I’m not really into the niche of “virtual YouTubers” – people who post YouTube videos and/or stream using a virtual avatar – but to each their own, and if this technology enables people to remain anonymous while doing what they love on YouTube or Twitch, I’m all for it. Since these virtual avatars also do things like face-tracking, there’s a whole cottage industry of software tools to make this all work, but Adrian “asie” Siekierka decided to take a look at where the training data used to make such face-tracking work actually comes from.
One day, some years ago, I decided to look at the data used to train OpenSeeFace. OpenSeeFace is the most popular open source face tracking solution for virtual YouTubers. It is supported by both open source and commercial model rendering tools; in particular, VTube Studio allows using it as an option for webcam tracking.
↫ Adrian “asie” Siekierka
The results of the investigation are not exactly great. Much of the data used by OpenSeeFace comes with serious restrictions on commercial use, and many of the underlying datasets contain images that you would need consent for from the people inside the image to actually use. On top of that, a lot of these data sets seem to have just scraped the internet for images of faces without asking anyone of the people in those images for consent, which raises a whole number of troubling issues.

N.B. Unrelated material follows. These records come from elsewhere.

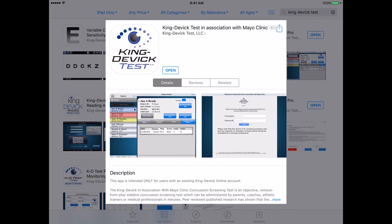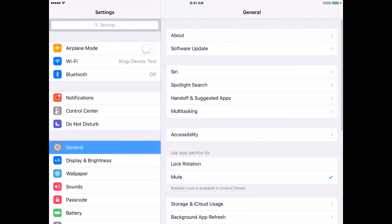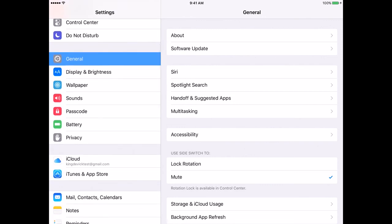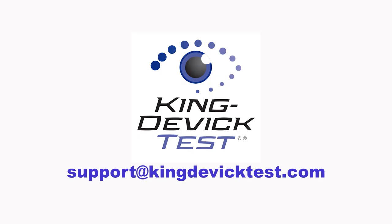To ensure you're always running the latest version of the app on your iPad, tap the Settings icon, then tap iTunes and App Store from the left column. Be sure Updates is turned on, indicated by green. For further questions or assistance, contact us by email at support@kingdevictest.com.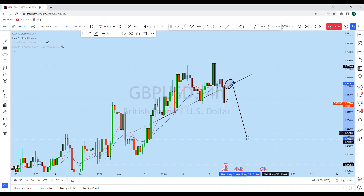If you find value in this analysis, then smash the like button and let us know in the comment section what your setup is on GBP/USD. Thank you, and I'll see you soon in my next analysis.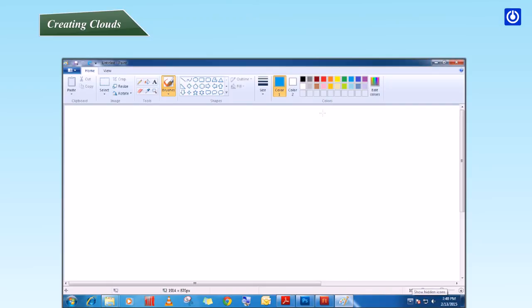Step 3: Move the pointer to the drawing area. Step 4: Press and hold down the left button of the mouse and drag the mouse to draw different clouds.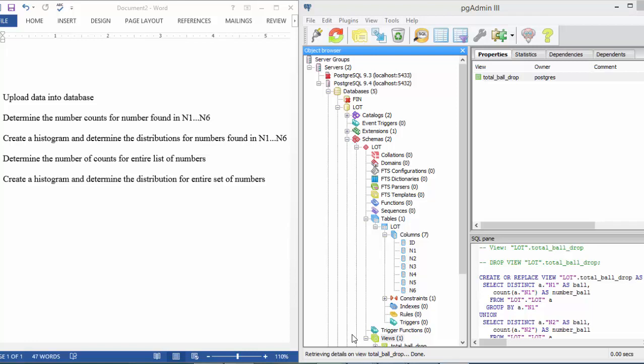Hi, I'm Ashley, and this video is to accomplish the five things listed in this Word document. First, I'm going to explain how to upload data into a database.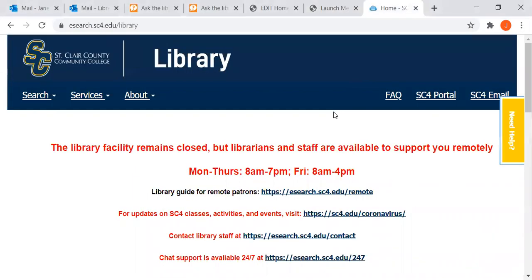Hi, this is Jane from SC4. I'm going to show you how to use BoardVitals. It's very simple to use and you can use it from on or off campus.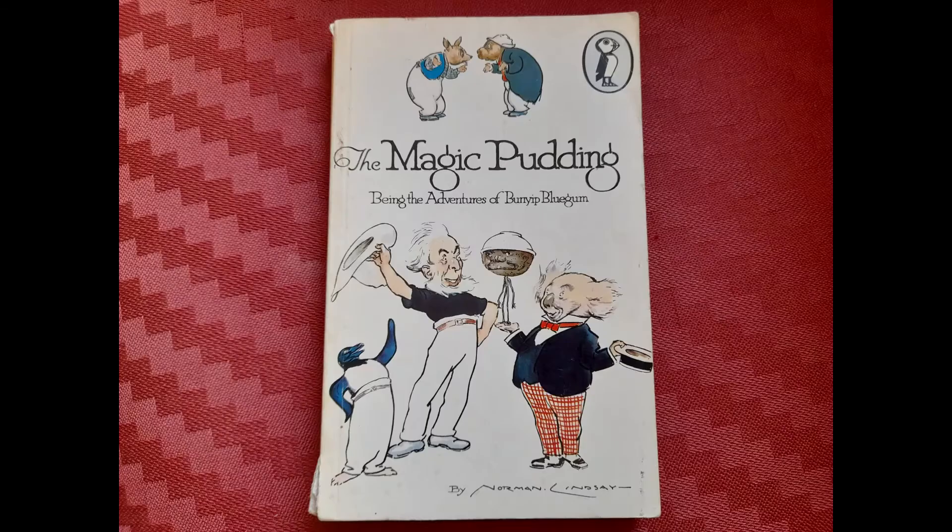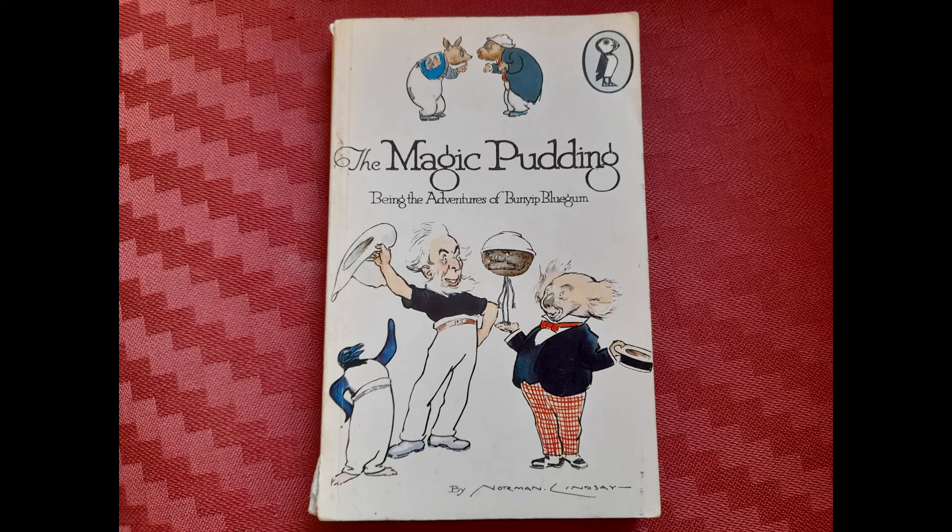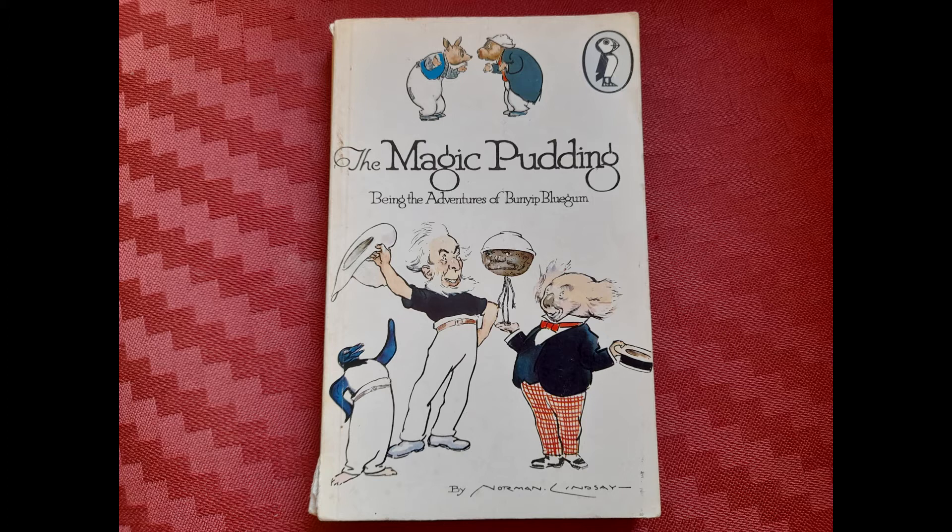The Magic Pudding, being the Adventures of Bunyip Bluegum by Norman Lindsay. This is a very funny book about a very peculiar pudding. In spite of the word magic in the title, there are no fairies or spells, only a pudding.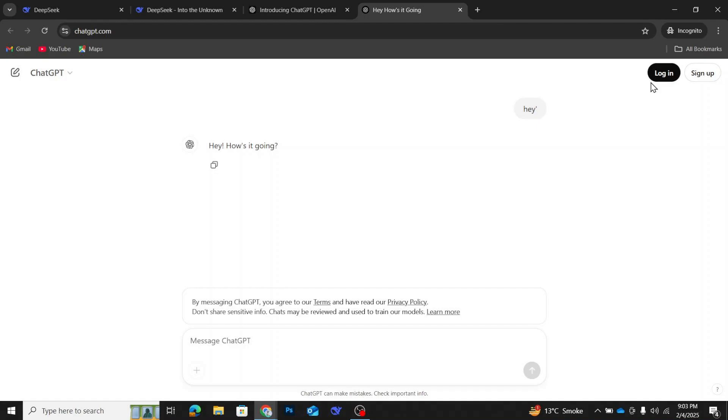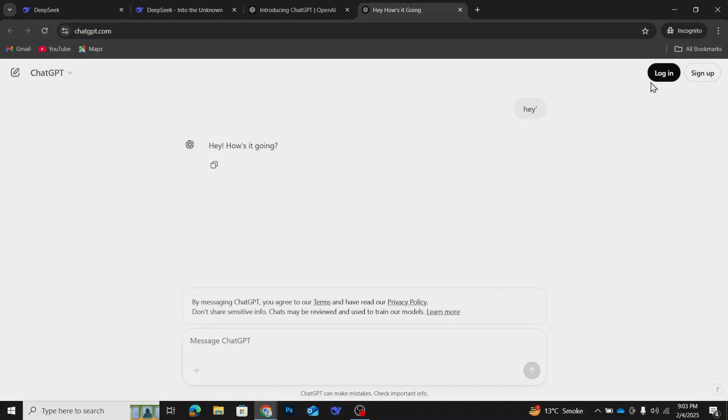And that's how you can access an AI chatbot without logging in. If you found this video helpful, don't forget to like, share, and subscribe for more quick tutorials. Thanks for watching, and I'll see you in the next one.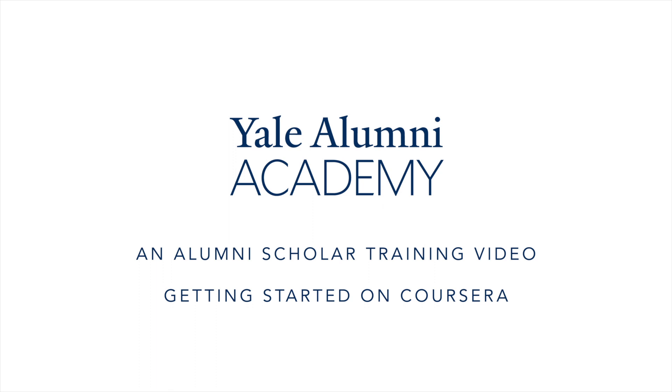Hello everybody and welcome to Yale Alumni Academy's How to Get Started on Coursera training video. Today we will walk you through the basics of Coursera so that at the end of this video you'll have a general understanding of how the Coursera platform works.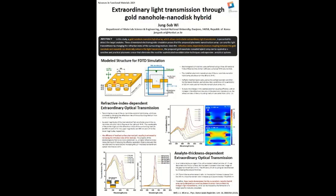As shown in this first figure, electromagnetic simulations were performed using three-dimensional finite difference time domain software, a numerical FDTD solution. This three-dimensional electromagnetic simulation proves that the proposed plasmonic nanostructure array can change the light transmission.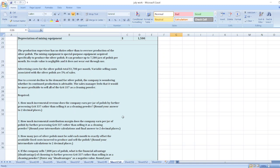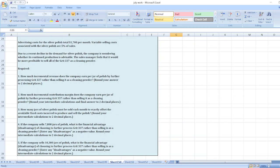How much incremental revenue does the company earn per jar of polish by further processing Grit 337 rather than selling it as a cleaning powder? Second, how much incremental contribution margin does the company earn per jar of polish by further processing Grit 337 rather than selling it as a cleaning powder? How many jars of silver polish must be sold each month to exactly offset the avoidable fixed costs incurred to produce the polish?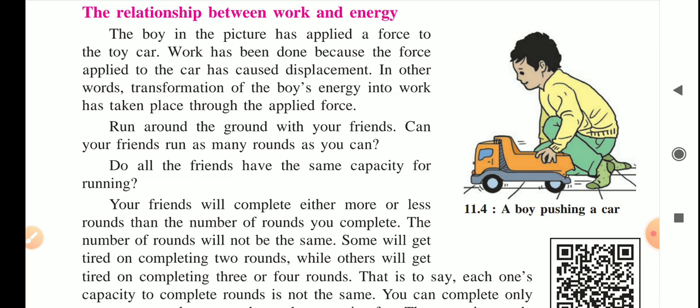Here one example is given: a boy is playing with a toy car. When the boy pushes the toy car by applying muscular force, the toy car will be displaced — there will be some displacement. In other words, we can say the transformation of the boy's energy into work has taken place through the applied force.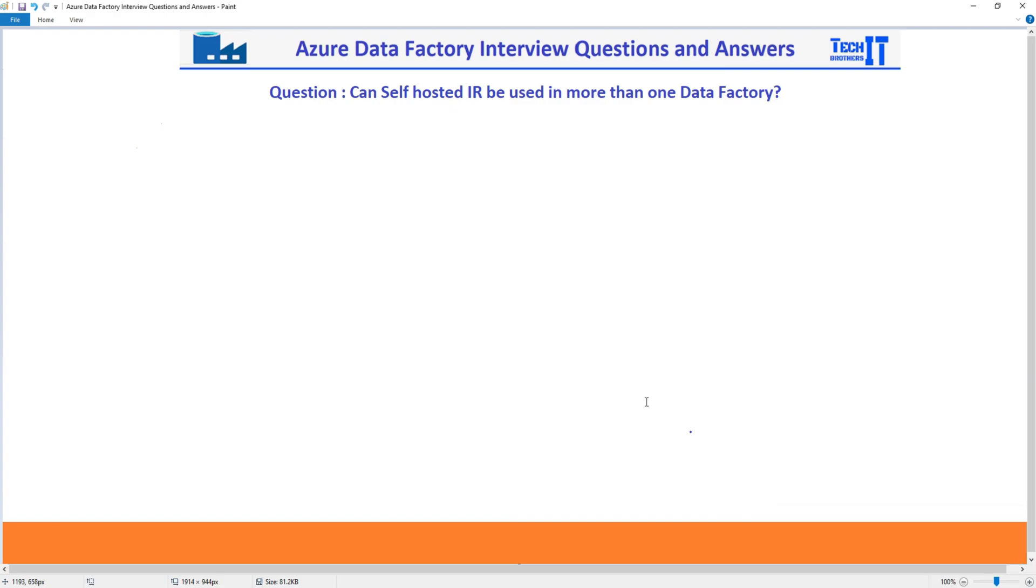Welcome to TechBrasters with Amir. In this video, we are going to answer this question: Can self-hosted IR be used in more than one data factory?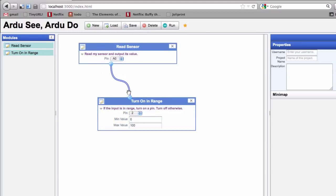So here we have a block that reads a sensor and outputs its value, and then the turn on range looks at the value and decides whether or not to turn on a pin.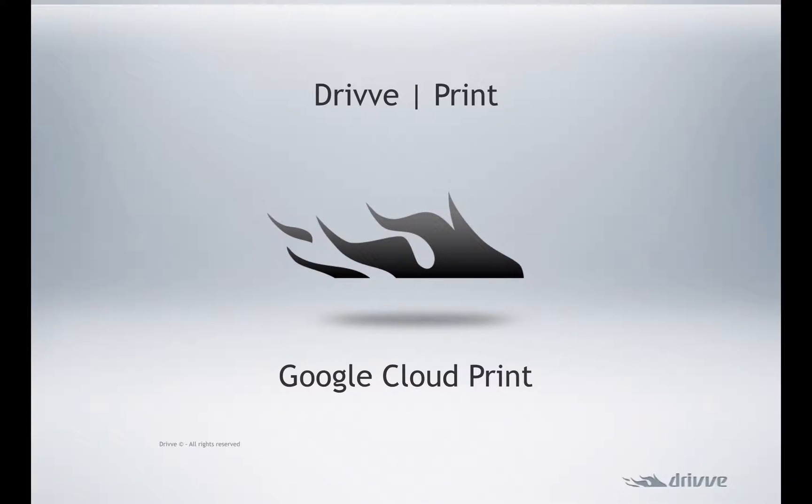Hello. I'm going to give a brief overview of the new DrivePrint Google Cloud Print connectivity.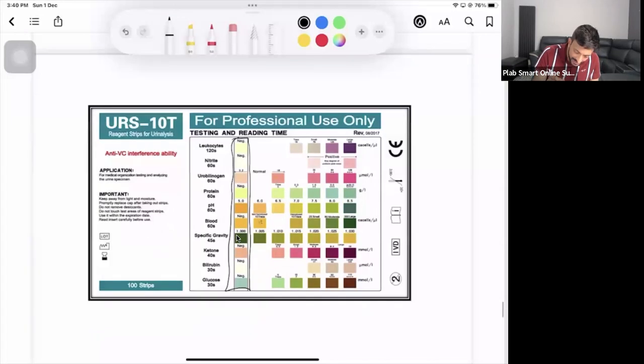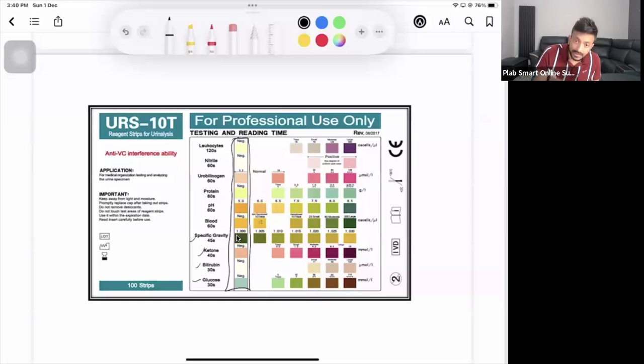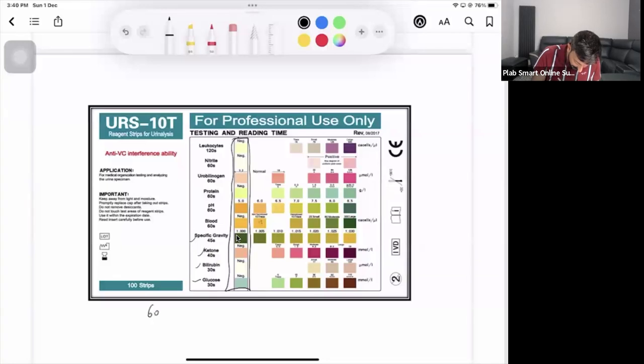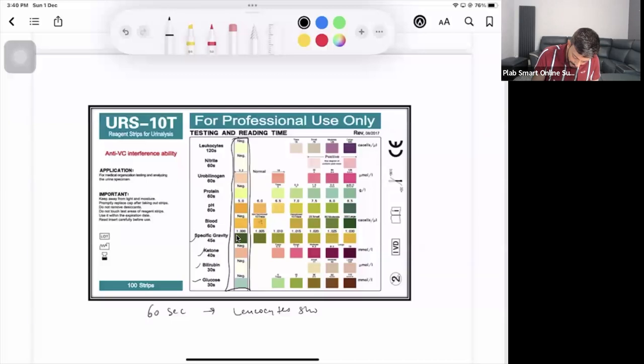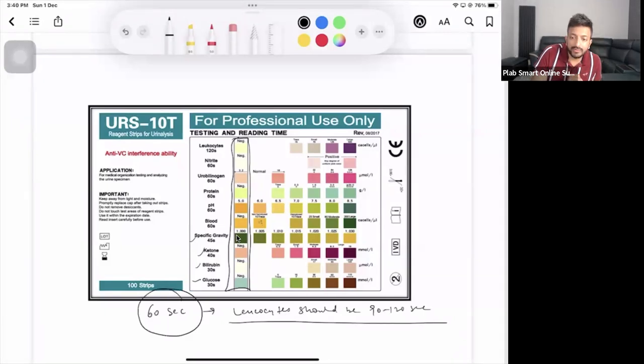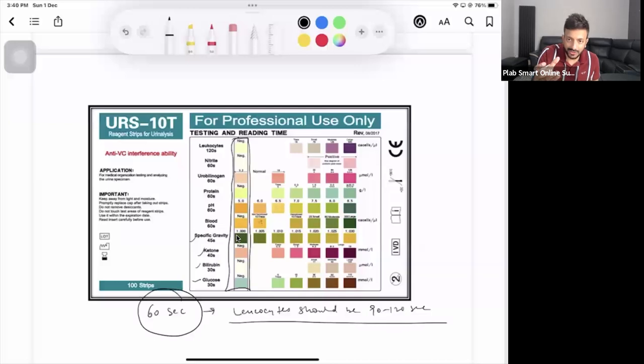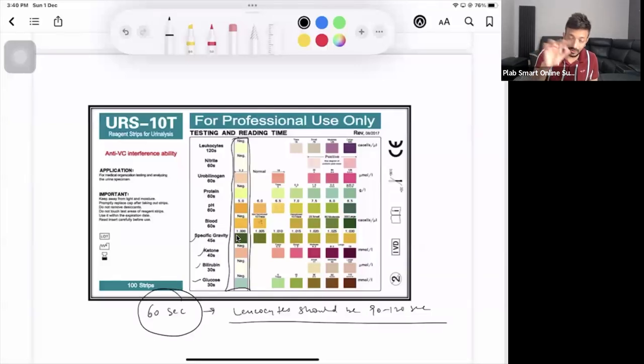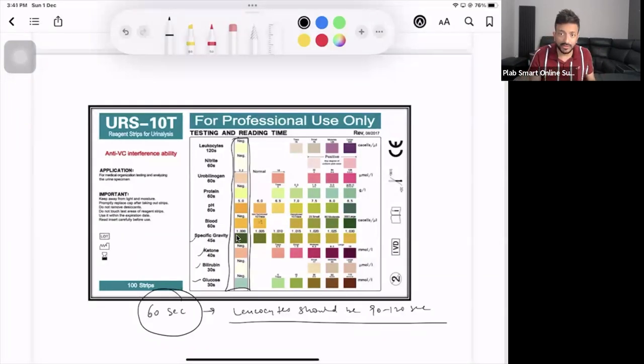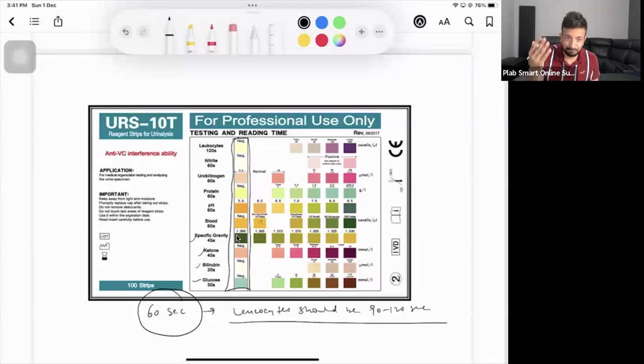When we start reading, we start from the bottom: glucose, bilirubin, ketone, and so on. Usually the bottle says you should start reading after 60 seconds, but leukocytes should be 90 to 120 seconds. If they haven't given you a watch or clock in the room, you just have to guess the time.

I find this a very interesting topic of discussion, if only because you’d be hard-pressed to argue that the average cartoon-esque virtual avatars even remotely resemble real human faces, so it’s not like you’re going to suddenly run into your own face somewhere on YouTube or Twitch, but plastered into another person. On the other hand, the underlying datasets still contain a ton of people’s faces without those people’s consent, and even for those that did give consent, there’s often a commercial use restriction which earning revenue on YouTube or Twitch might violate.
It’s a fascinating microcosm of a whole slew of issues we’re dealing with right now, neatly contained in a relatively small niche.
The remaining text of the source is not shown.